O Programa PIPE (Pesquisa Inovativa em Pequenas Empresas) da FAPESP financiou parte dos estudos da ISGAME e o Aplicativo Cérebro Ativo, abrindo portas antes impensáveis. Sempre inquieto, Ota quis investigar se os idosos seriam capazes não apenas de jogar, mas também de criar seus próprios games. O resultado foi surpreendente: um estudo com cerca de 70 participantes mostrou que o aprendizado de técnicas de criação de jogos aprimorou significativamente a memória e o raciocínio lógico dos idosos. Mais do que isso, a experiência ajudou na prevenção do declínio cognitivo e da Doença de Alzheimer. Os idosos que desenvolveram seus próprios jogos apresentaram um desempenho ainda melhor do que aqueles que apenas jogavam.

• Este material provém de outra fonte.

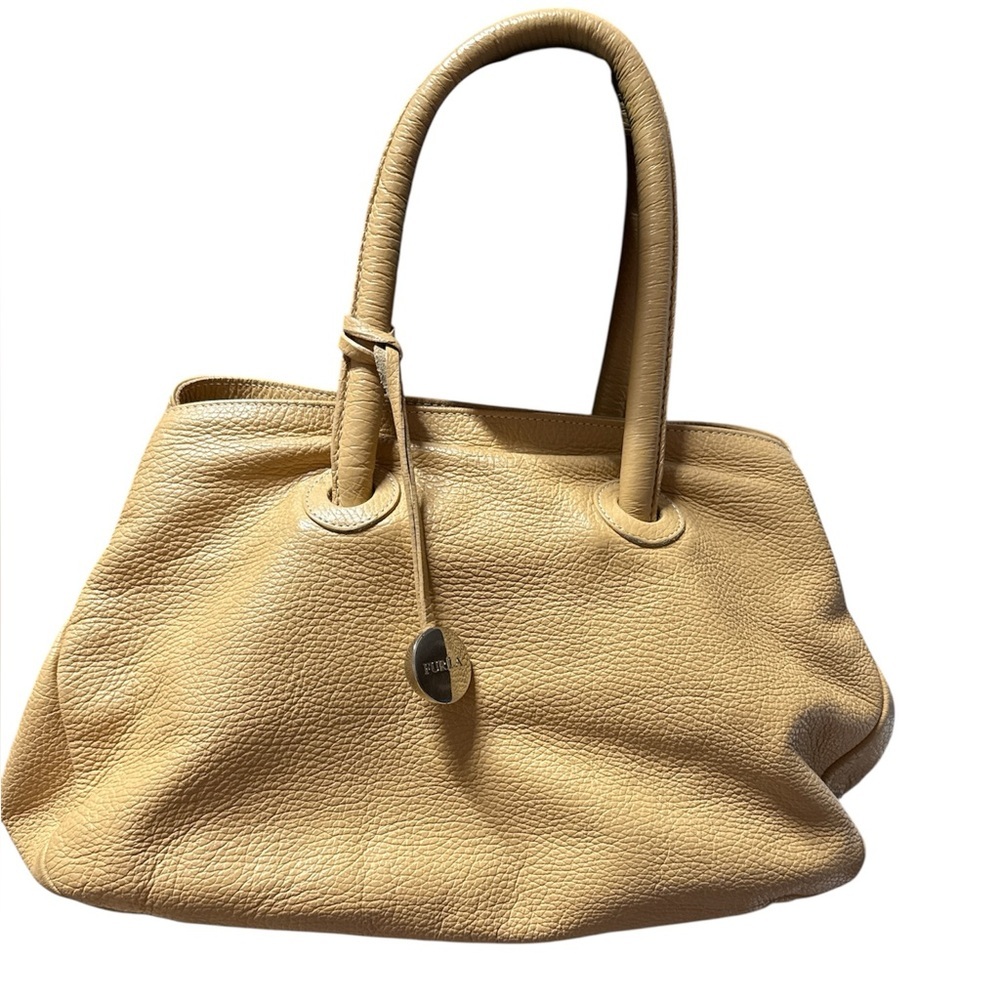 Furla Pebbled Leather Shoulder Bag in Warm Beige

Em seguida, Ota foi convidado para participar de um estudo da Universidade Federal de São Paulo (Unifesp) que pretendeu avaliar o impacto da alfabetização digital e do treinamento com jogos digitais nos 60+. De novo, surpresa: os que haviam sido alfabetizados e jogaram apresentaram melhoras na concentração e na orientação espacial, indicando que, com a ajuda dos games, seria possível ajudar a estabilizar doenças que atingem o cérebro na velhice.

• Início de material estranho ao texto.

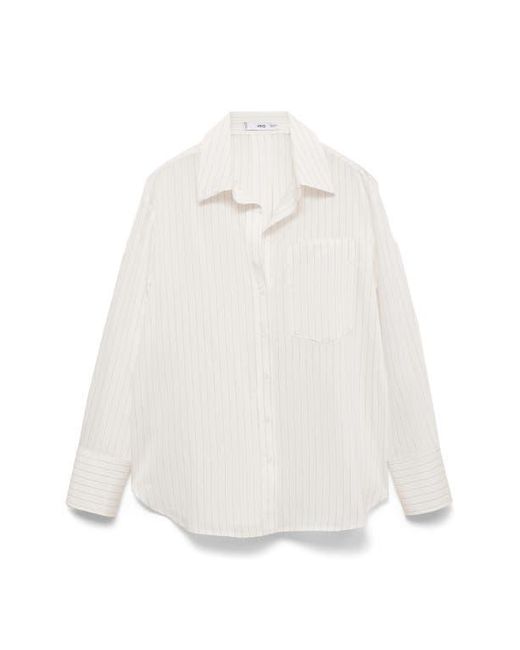 Mango White Stripe Sheer Long-Sleeve Button-Up Shirt
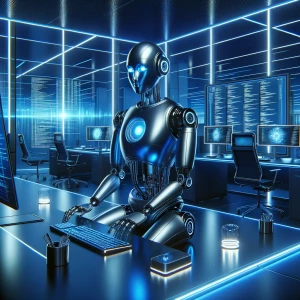 Create an AI robot sitting in front of an Apple computer in a hi...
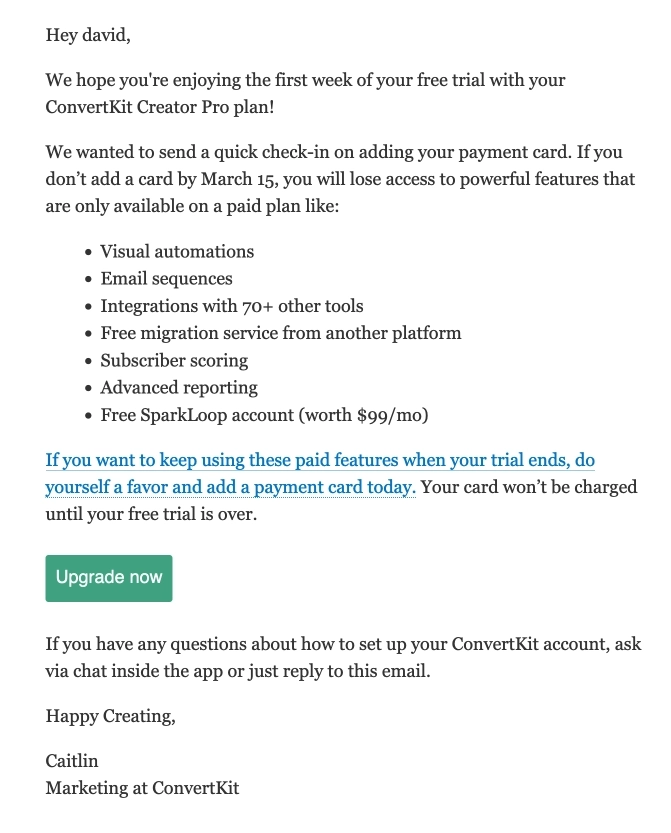SaaS CTA Emails: Screenshot of ConvertKit's conversion email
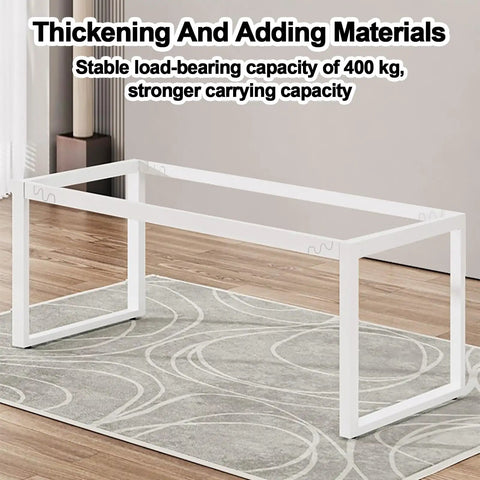 Rock Solid White Metal Table Legs Heavy Duty Industrial Rustic DIY Bench Supports Cold Rolled Steel Square Frame shown on a rug.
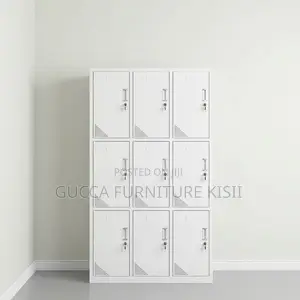 Cabinet; 9-Locker Steel Office File Cabinet
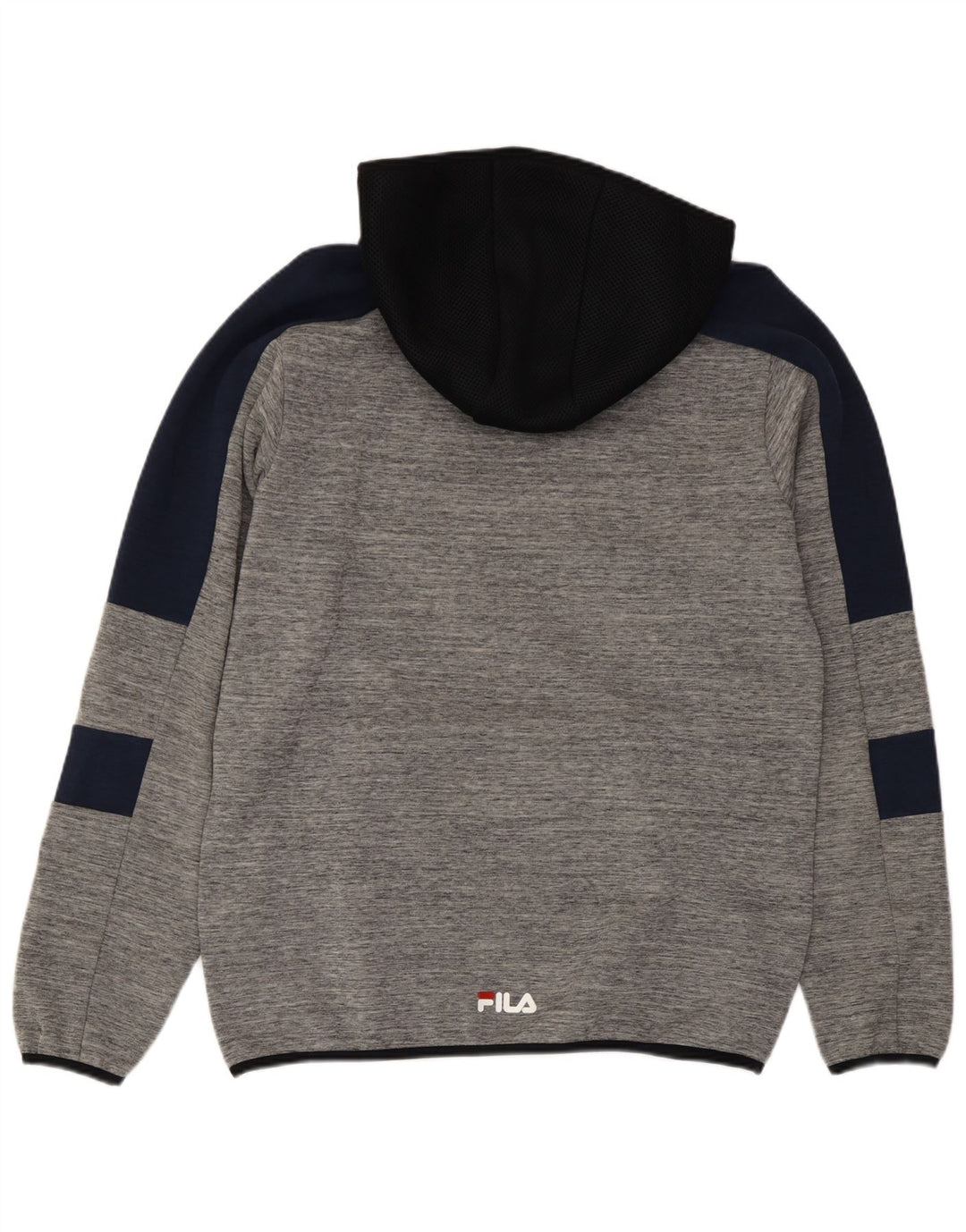Felpa con cappuccio grafica da uomo Fila in cotone color block grigio medio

Mas veio a pandemia e tudo parou. Foi uma mudança de chave para a ISGAME. Mesmo confinados pela Covid-19, Ota procurou manter o engajamento do grupo com a incorporação de uma nova funcionalidade no “Cérebro Ativo”, projetada para acompanhar o estado mental e emocional do grupo de 60+. O game passou a falar diretamente com os idosos, inaugurando o canal direto entre os pacientes e seus médicos.
Agora, novas melhorias estão em desenvolvimento. Inicialmente, havia planos para integrar um relógio ou pulseira digital com GPS para monitorar batimentos cardíacos e o número de passos dentro de casa. No entanto, essa ideia foi descartada devido ao alto custo, e a solução encontrada foi implementar um sistema de automonitoramento no próprio aplicativo, tornando a tecnologia acessível a um público maior.

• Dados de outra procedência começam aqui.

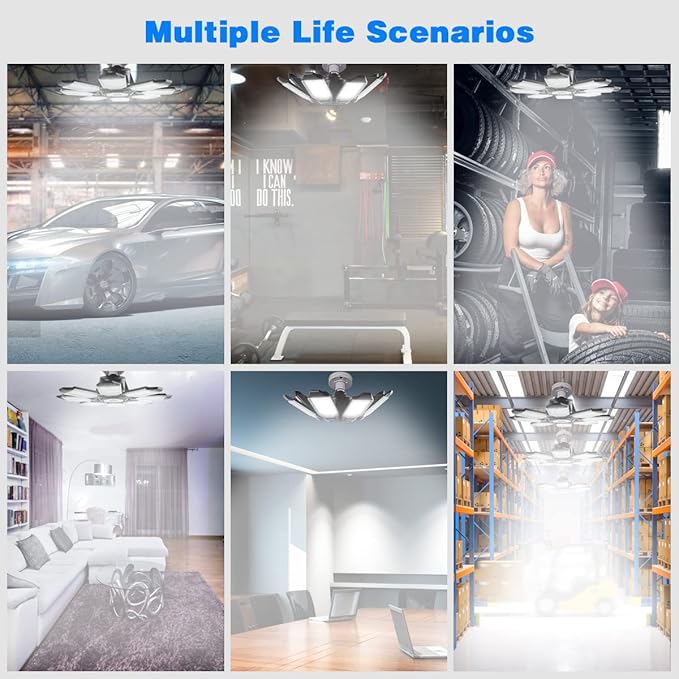 Garage Lights - 40000LM Super Bright Garage Lights Ceiling Led w/ 8 Deformable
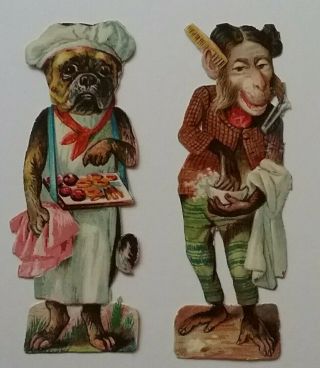2 Colourful Antique Chromo Victorian Anthropomorphic Scraps.  Baker And A Barber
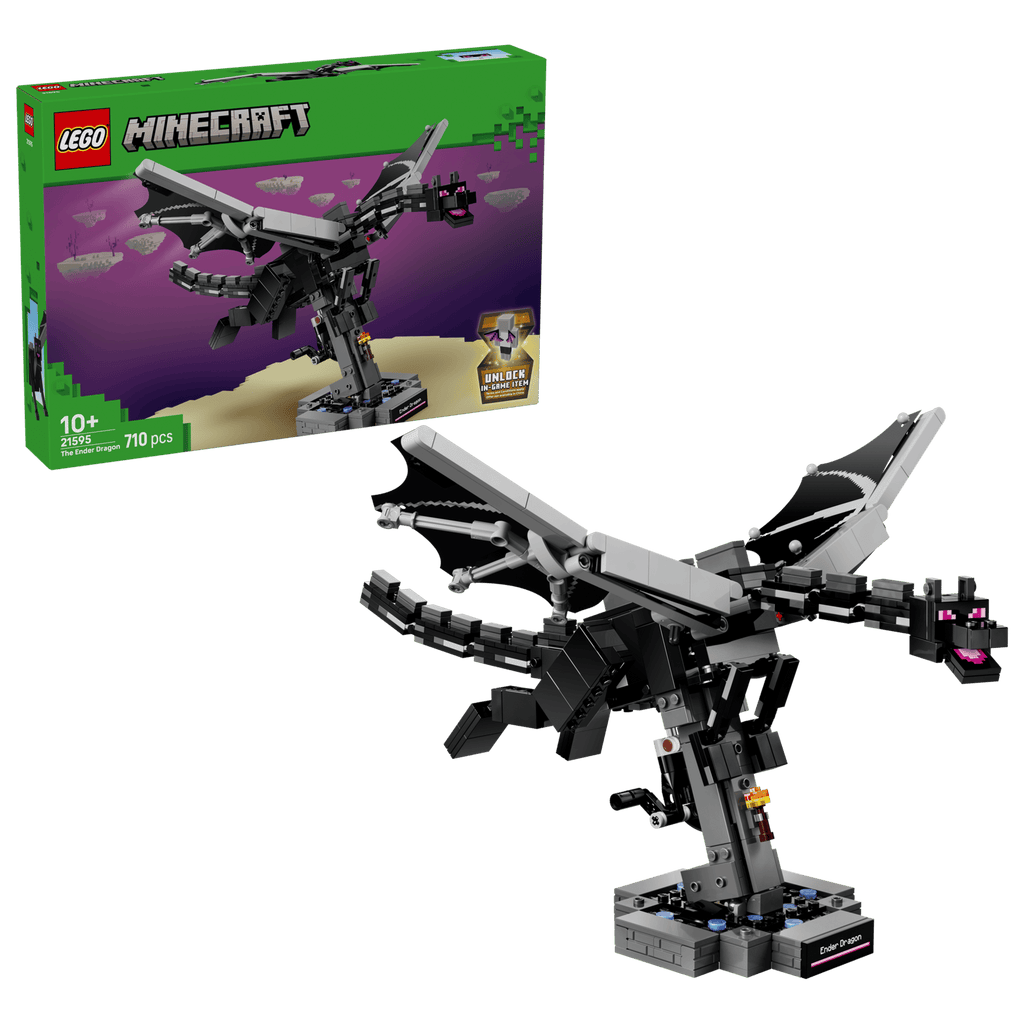 LEGO Minecraft The Ender Dragon 21595 box and model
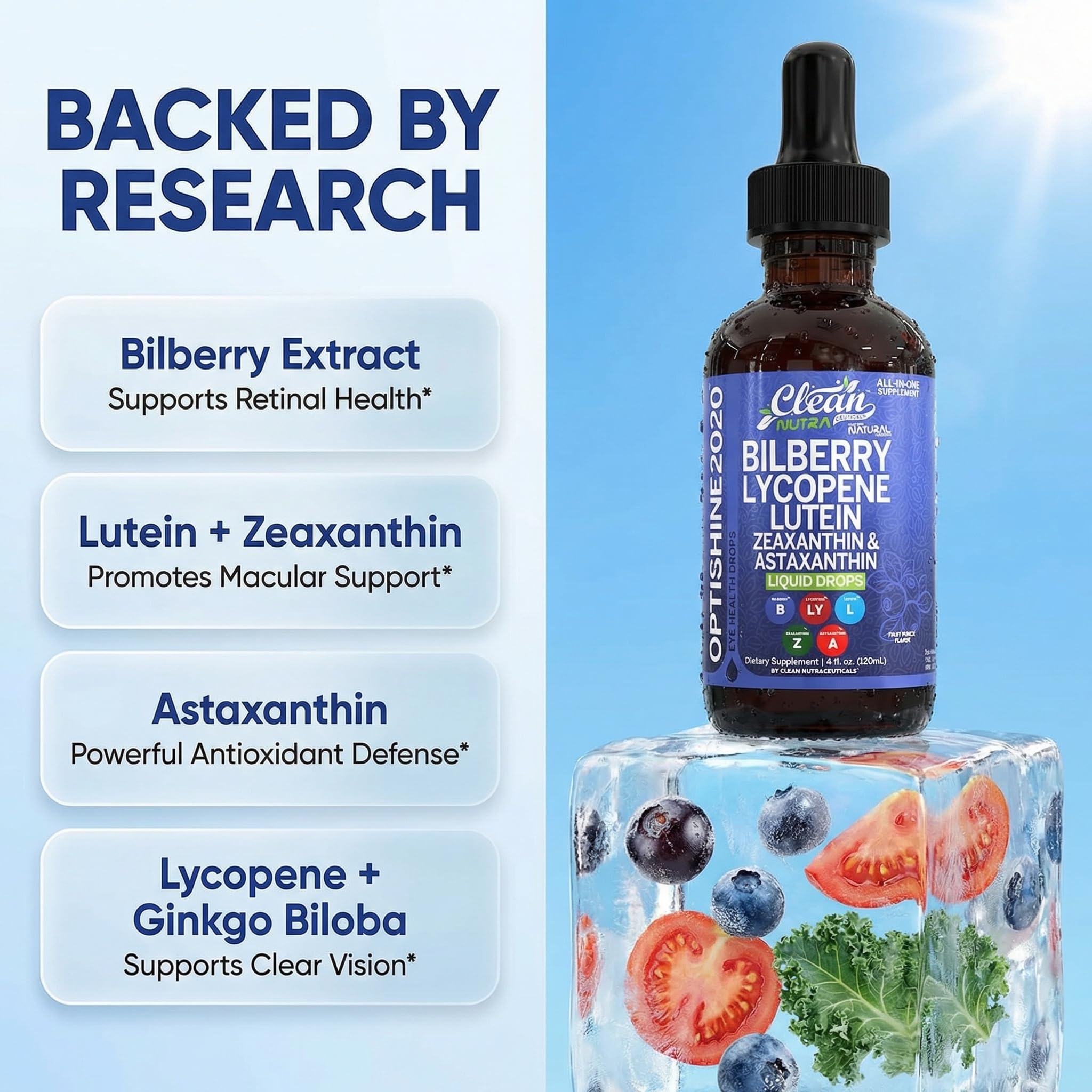 Clean Nutra Eye Drops liquid drops pour demonstrates fast uptake versus pills.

Outro avanço em andamento é a Inteligência Artificial que já consegue avaliar sinais de depressão e identificar mudança de hábito que possam afetar o bem-estar do idoso. “Todos os processos do aplicativo têm como base conceitos biopsicossociais”, diz ele, “que estudam a causa ou o progresso de doenças utilizando fatores biológicos, psicológicos e sociais”.
Esses novos módulos aportarão funcionalidades ainda mais sofisticadas ao game. Um deles recebeu o nome de “Árvore Genealógica” para combater o isolamento social a que muitos idosos se submetem. O usuário poderá abastecer o game com informações de toda a sua rede de parentes e amigos, com o histórico de saúde de cada novo integrante de sua rede de contatos. Outra inovação é a que o aplicativo registra todos os seus dados emocionais, como, por exemplo, os que resultaram em momentos de maior ou menor disposição física, ou ainda acontecimentos do cotidiano que provocaram ansiedade, irritação, depressão e tristeza.
O cenário é futurista, lembra filmes em que a vida dos cidadãos é vigiada e controlada. Neste caso, porém, é uma questão de preservar a segurança e a saúde. Como Ota enfatiza “O videogame é apenas um instrumento a mais para promover a saúde mental e a socialização das pessoas”.